» Description of the task:
Would you please restate the data exactly as it stands, apart from the pictures?

» Given material:

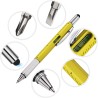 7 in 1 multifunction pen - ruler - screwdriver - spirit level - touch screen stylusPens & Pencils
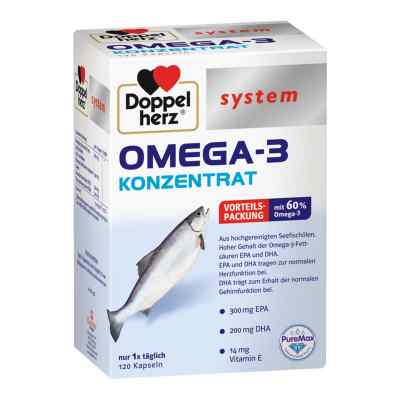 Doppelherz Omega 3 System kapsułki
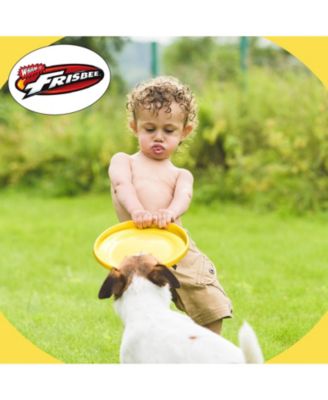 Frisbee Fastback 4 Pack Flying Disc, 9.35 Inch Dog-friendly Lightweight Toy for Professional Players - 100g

» Output of the task:
 7 in 1 multifunction pen - ruler - screwdriver - spirit level - touch screen stylusPens & Pencils
 Doppelherz Omega 3 System kapsułki
 Frisbee Fastback 4 Pack Flying Disc, 9.35 Inch Dog-friendly Lightweight Toy for Professional Players - 100g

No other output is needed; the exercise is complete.